California’s elementary and middle school students won’t be suspended for things like falling asleep in class or talking back to the teacher under a bill signed Monday by Gov. Gavin Newsom.

SB 419 bans public and charter school officials from suspending students for “willful defiance,” a broad category that includes disrupting class or willfully defying teachers.

California banned these types of suspensions for students up to third grade beginning in 2015. The law Newsom signed permanently bans these suspensions for grades four and five and temporarily restricts them for grades six through eight until 2025.

“We want the teacher to be able to teach their class and not have disruptive students, but we also want to minimize these suspensions,” said bill author Sen. Nancy Skinner, a Democrat from Berkeley. “The more a child is suspended, the more likely they are to do bad in school and just do bad overall.”

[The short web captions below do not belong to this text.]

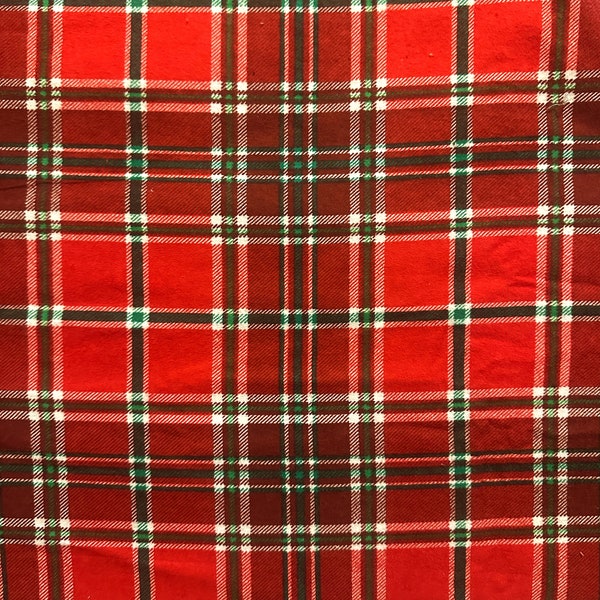 Festive Plaid Red and Green Fabric for holiday crafts, quilts, stockings, table runners.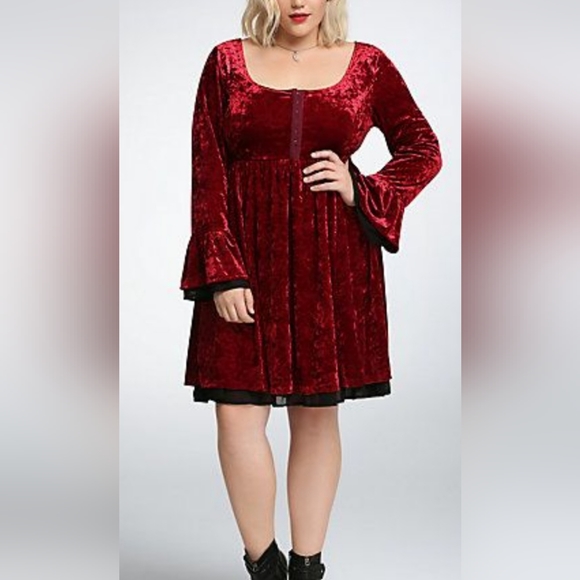 torrid Dresses & Skirts - Torrid Red Velvet Dress Black Hem with Bell Sleeves Hook and Eye Closure Size 1X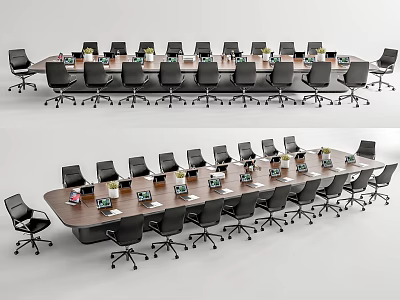 Office Conference Table Setup With Modern Chairs Notebooks And Flower Arrangements 3d model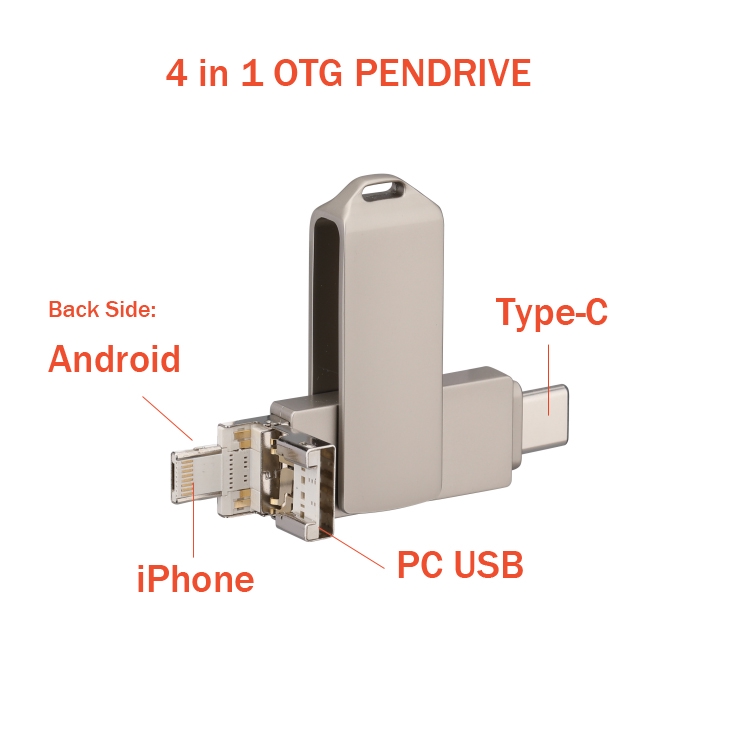 Flash Disk Usb Otg 4in1 Kapasitas 512gb Untuk Type C/Iphone/Ipad/Komputer/Laptop/Pc/Android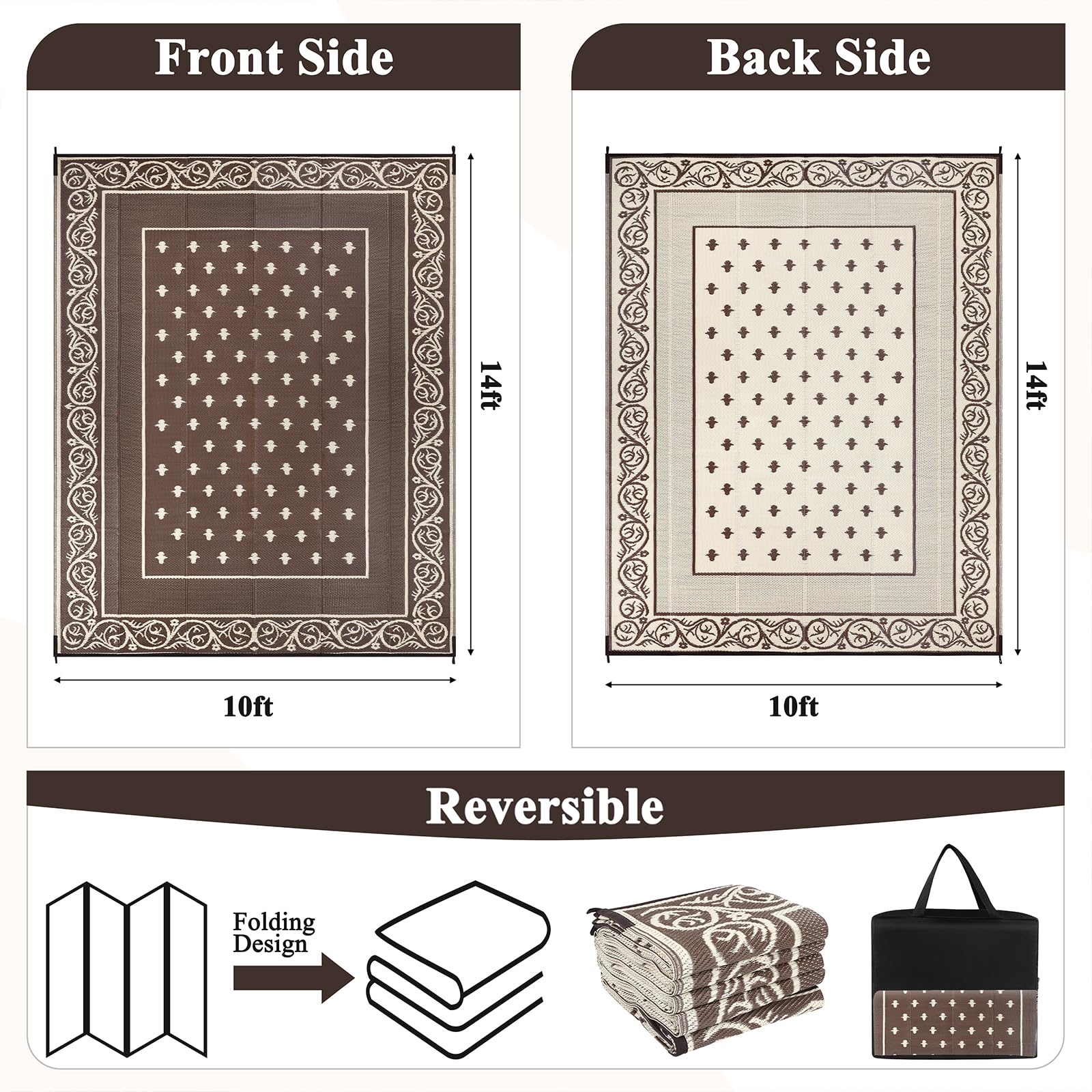 Pauwer Waterproof Outdoor Rug 10' x 14' bordered brown geometric pattern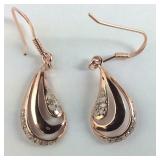 Diamond .68ctw rose gold over Sterling earrings
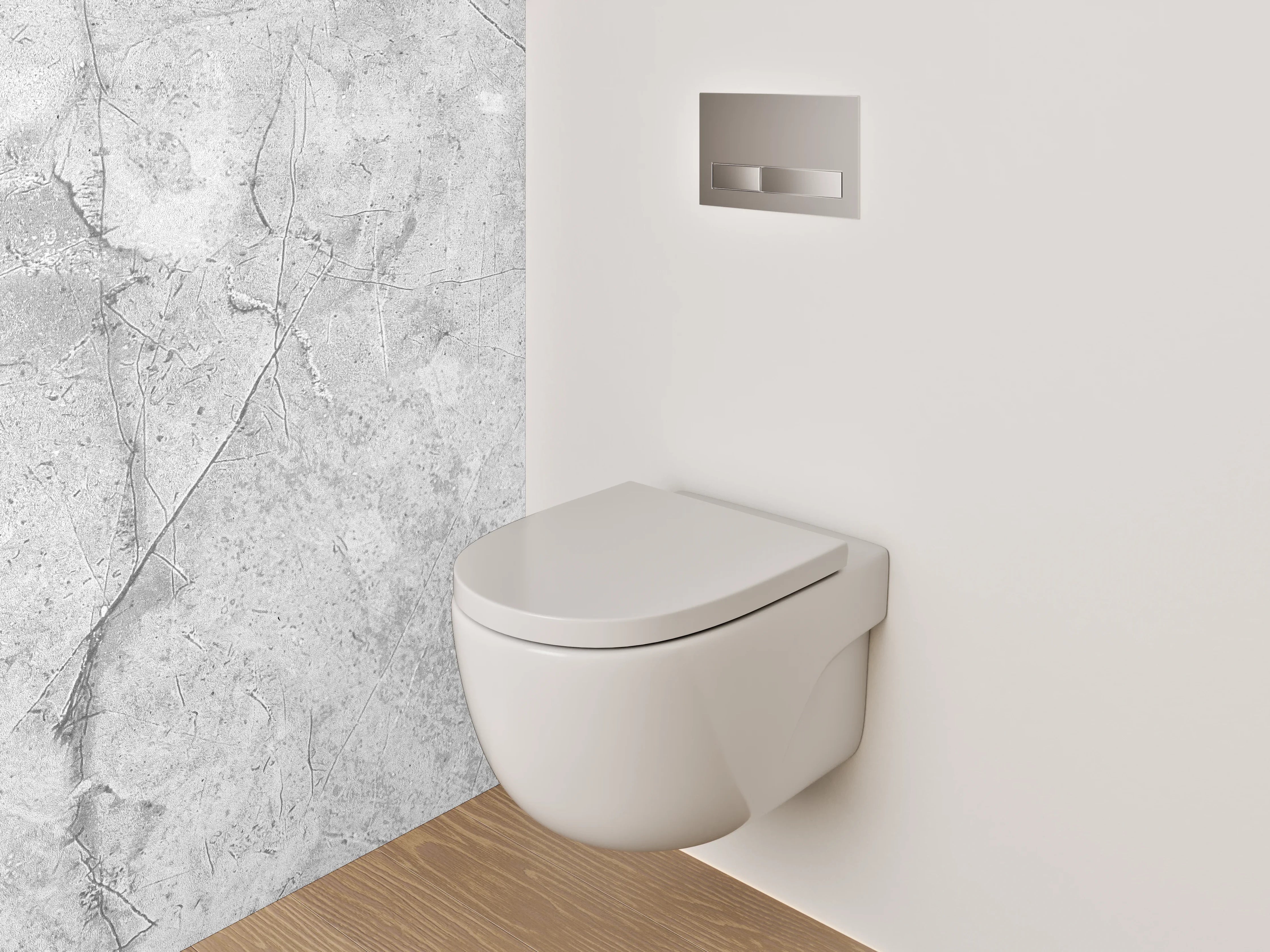 WC-Rückwand - Silberweißes Marmor-Muster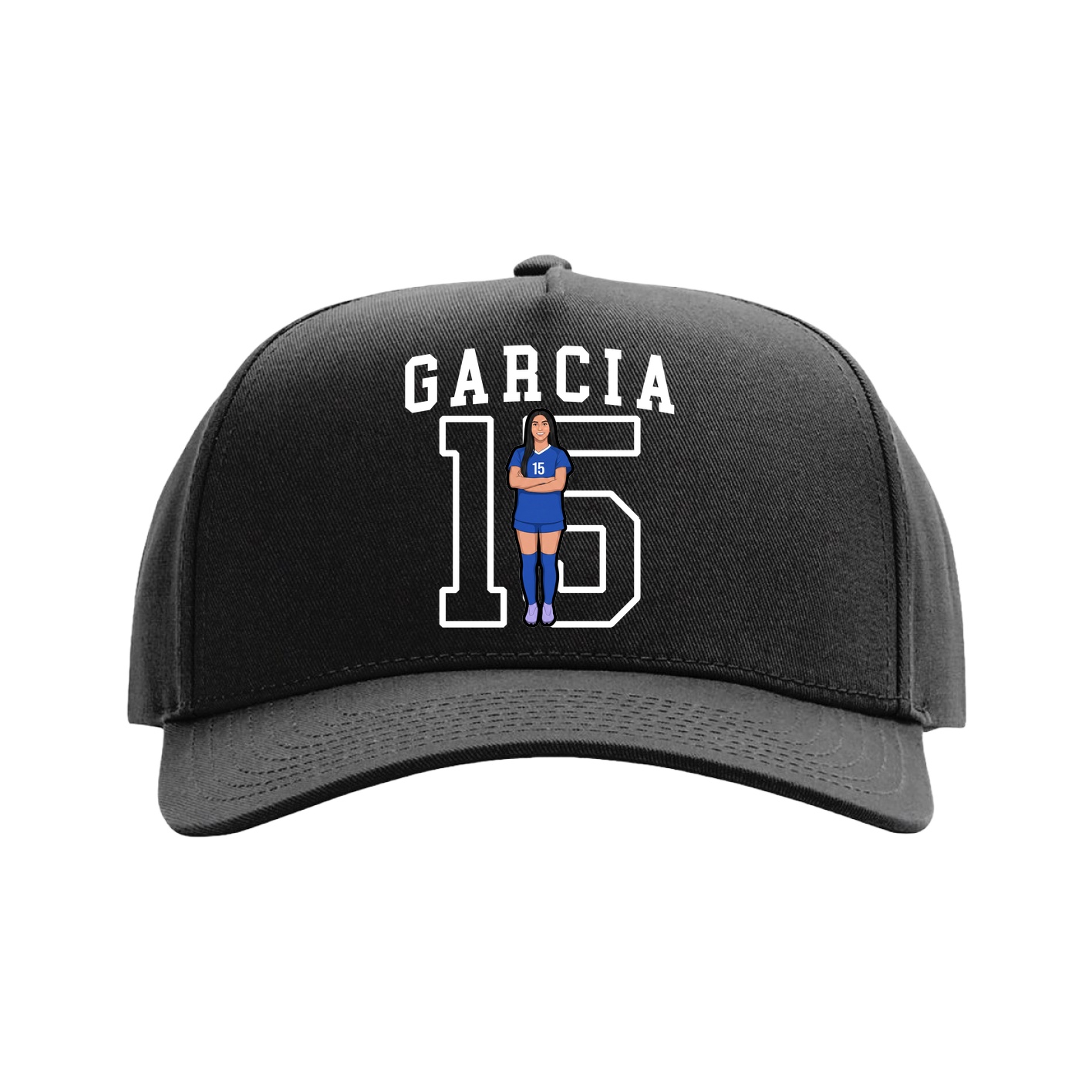 Full Fabric Five-Panel Champ Cap — Shirsey in Black
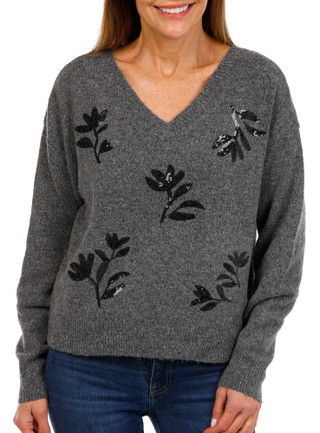 Thumbnail 1: GEMMA & JANE Women's Floral Print Pullover Sweater 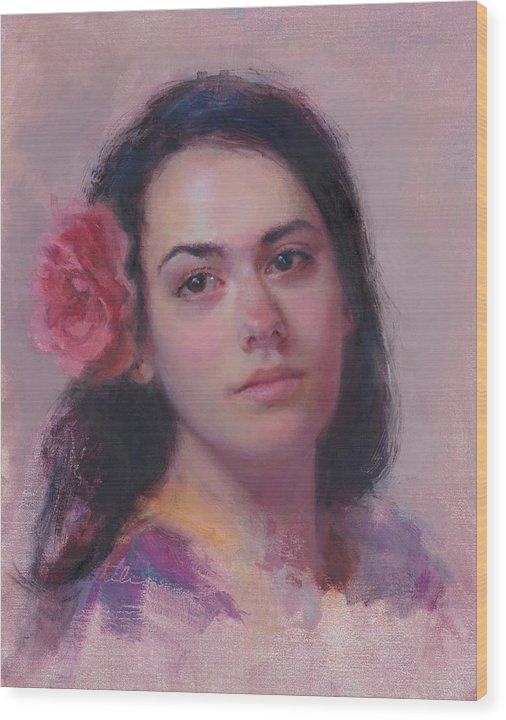 Spanish Rose - impressionist portrait painting - Wood Print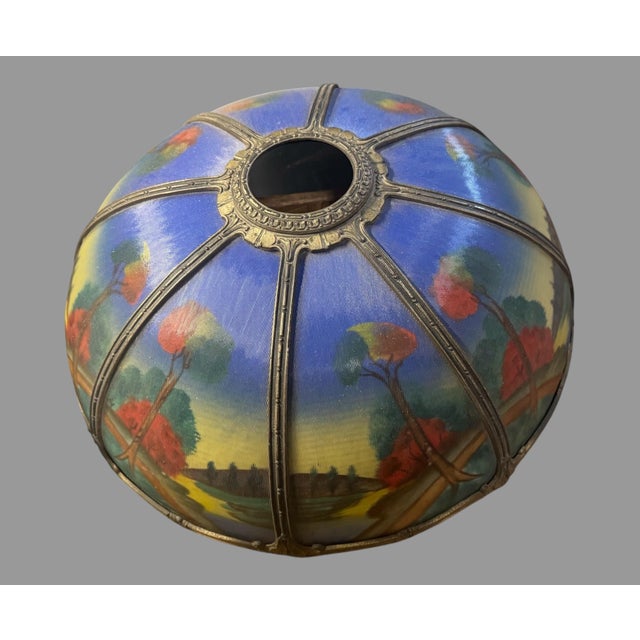 Glass Antique Reverse Painted Glass 8 Panel Table Lamp Landscape Shade For Sale - Image 7 of 11
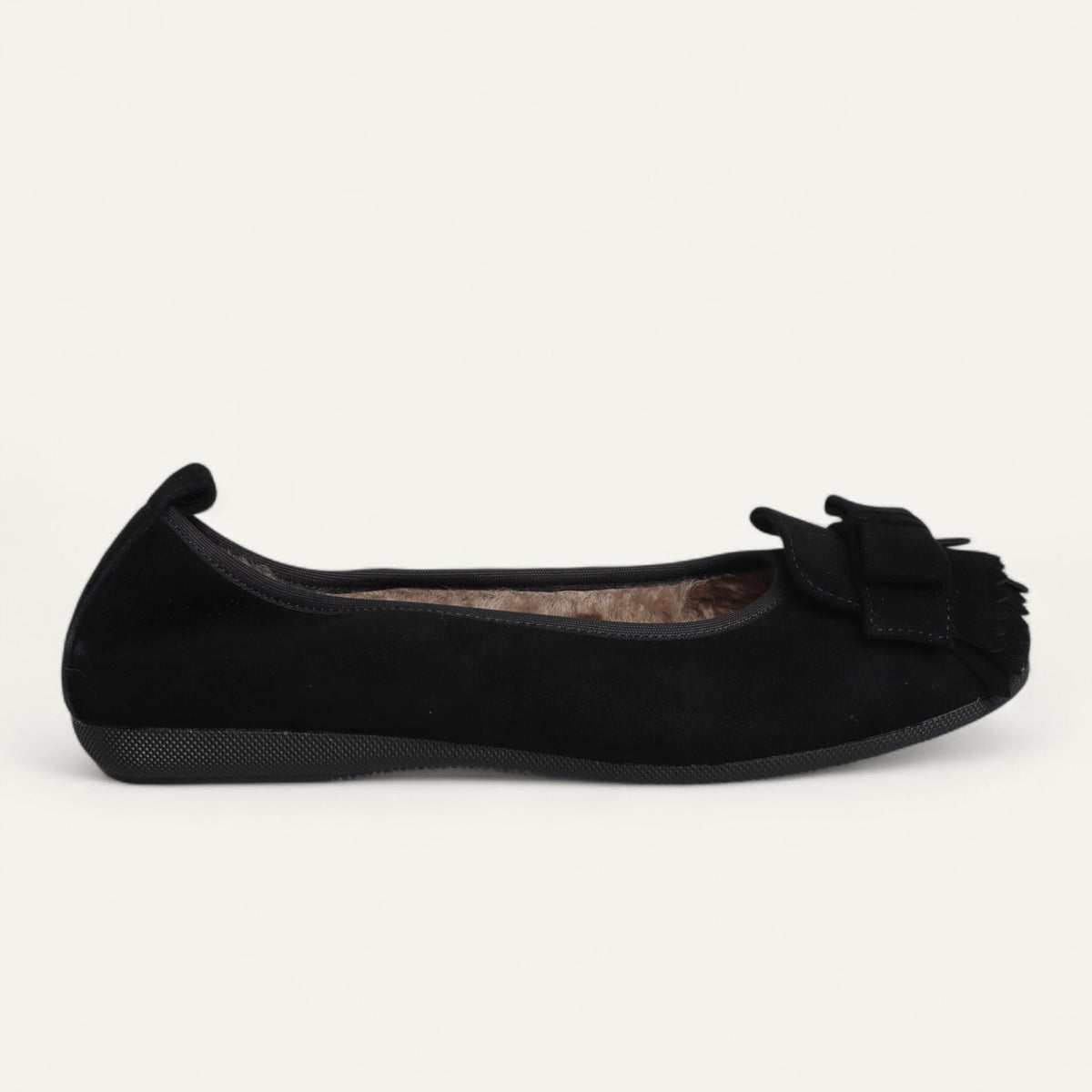 CAMBIO Winter women’s ballet flats in suede — Black, lambskin lining – C4-010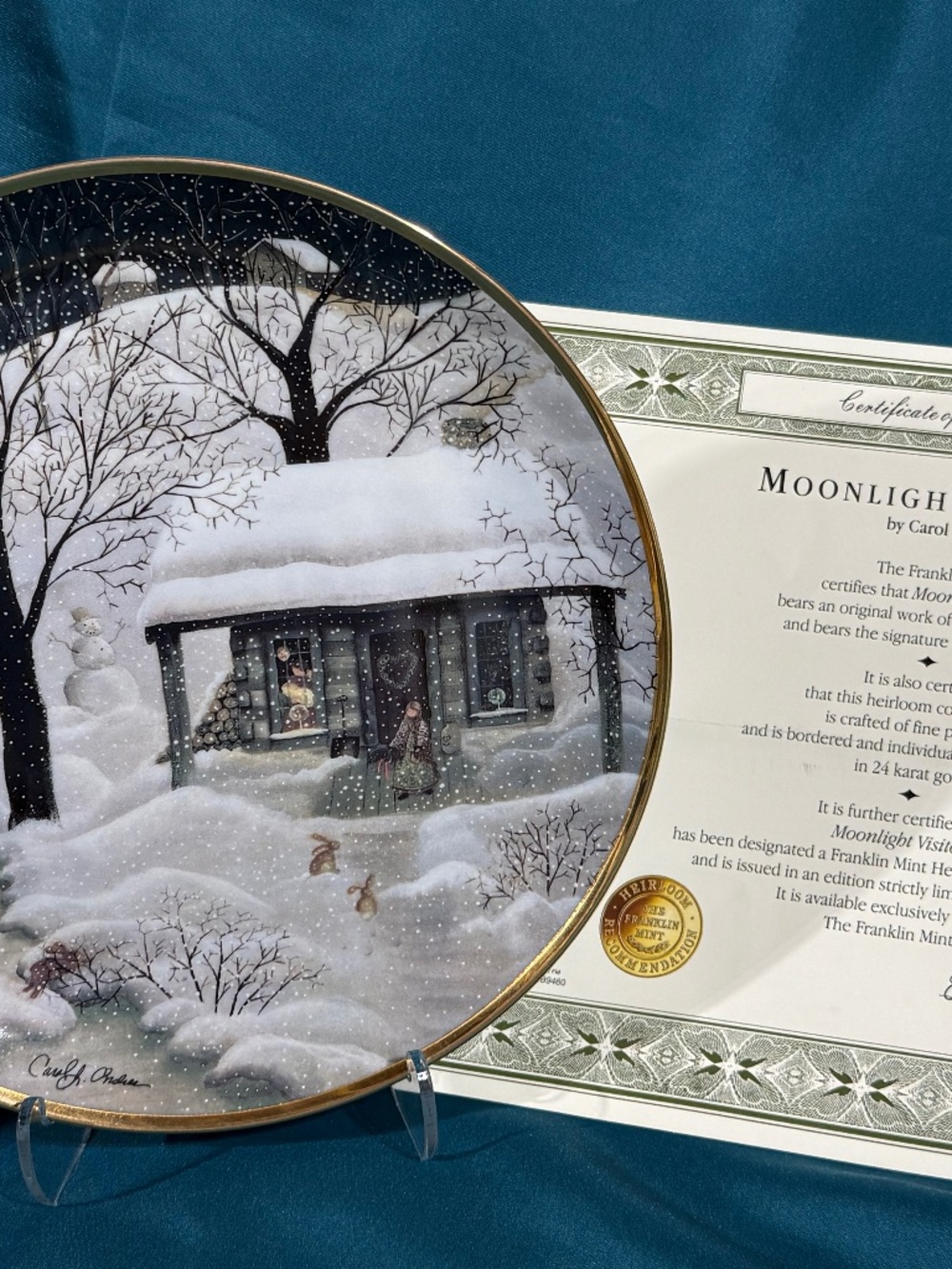Franklin Mint Carol Endres Ltd Ed Moonlight Visitors Collector 24K Plate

The new law takes effect July 1 of next year. Teachers can still remove students from the classroom for willful defiance, but they would not be suspended.

Officials with the Monterey County Office of Education see it as a positive step in classroom management.

” I believe it’s going to change it for the better. I think our public schools in California and particularly in Monterey County are committed to ensuring that our students are successful. And in order to do so, they need to be in school,” said Dr. Ernesto Vela, assistant superintendent for student services with the Montery County Office of Education.

When California banned willful suspensions up to third grade, suspensions fell by 30,000 in the first year. Since 2011, suspensions for willful defiance have dropped 82%, according to a legislative analysis of the proposal.

But data from the California Department of Education shows a disparity in who is getting suspended. Black students, while accounting for 5.6% of enrollment, made up 15.6% of all willful defiance suspensions in the 2017-18 school year. White students accounted for 20.2% of willful defiance suspensions while making up 23.2% of enrollment.

Lawmakers and school officials have been debating the issue for some time. Former Democratic Gov. Jerry Grown vetoed similar bills twice, once in 2012 and again last year, writing in a veto message: “Teachers and principals are on the front lines educating our children and are in the best position to make decisions about order and discipline in the classroom.”

This year, Skinner noted groups like the Association of California School Administrators supported the bill.

Opponents included the nonprofit Charter Schools Development Group, which called it “one size fits all legislation” and “a fix in search of a problem.”